Exercise data –
########
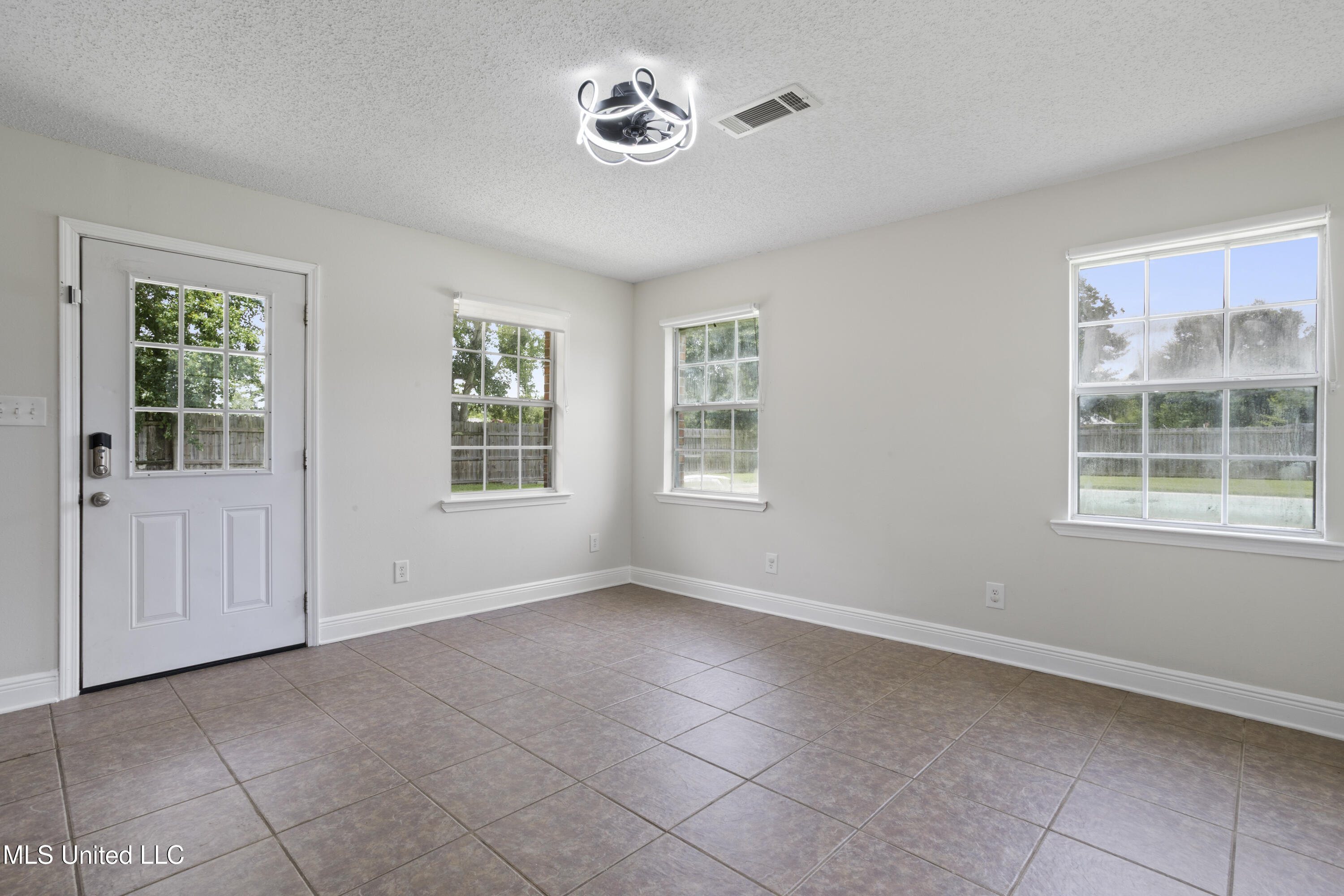 904 Waveland Avenue Property Photo 18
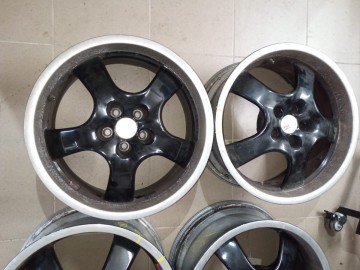 Felgi aluminiowe OZ Racing 8Jx17 5x100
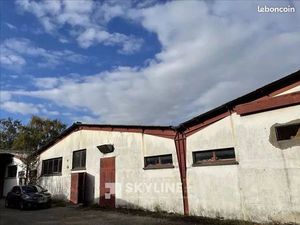 Entrepôt 767 m² Bernay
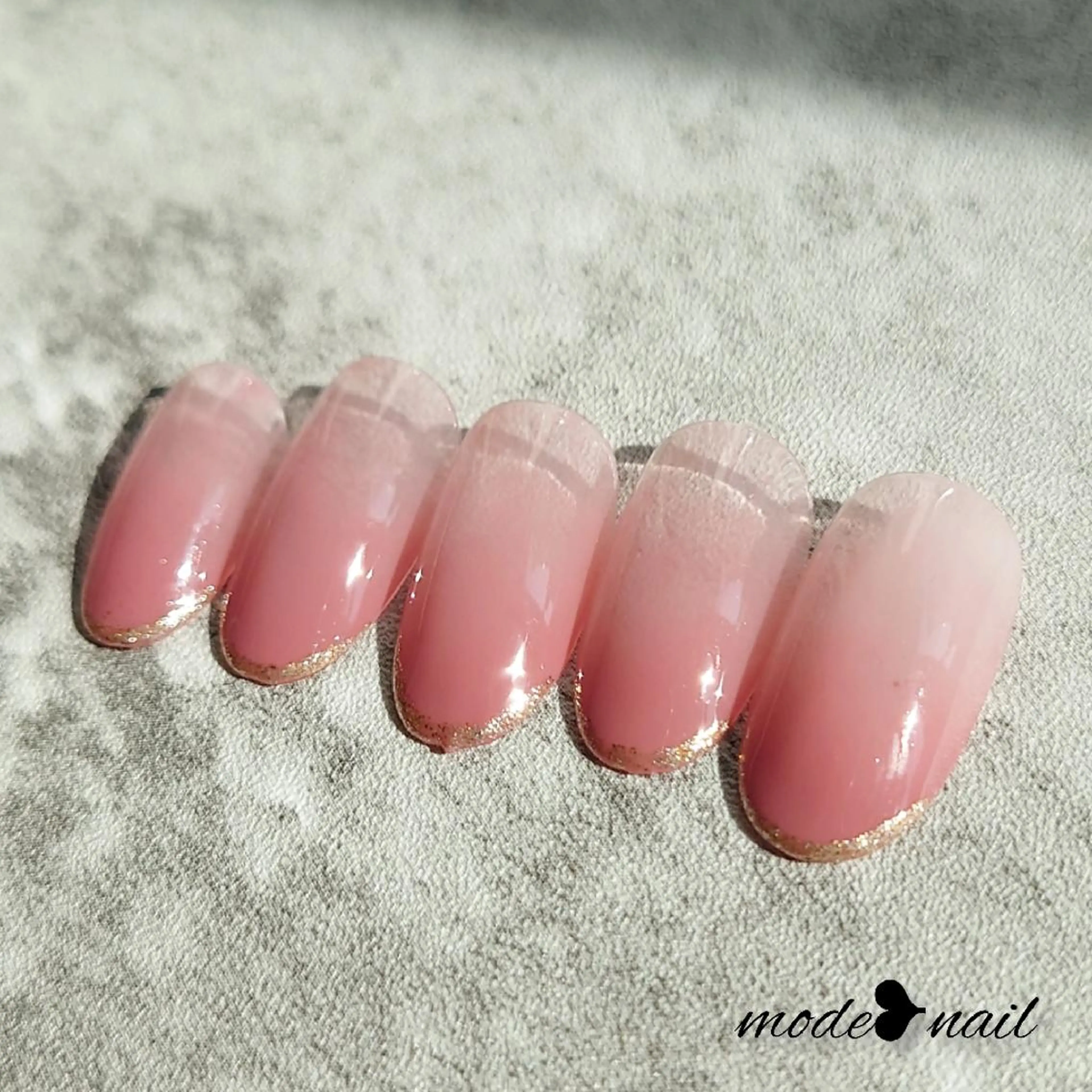 ネイル グラデーション 滋賀県草津市ネイル mode_nailsのネイルデザイン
########
Aim of the exercise –
Please retype the data exactly, but do not carry over any picture.

Worked solution –
 904 Waveland Avenue Property Photo 18
 Felgi aluminiowe OZ Racing 8Jx17 5x100
 Entrepôt 767 m² Bernay
 ネイル グラデーション 滋賀県草津市ネイル mode_nailsのネイルデザイン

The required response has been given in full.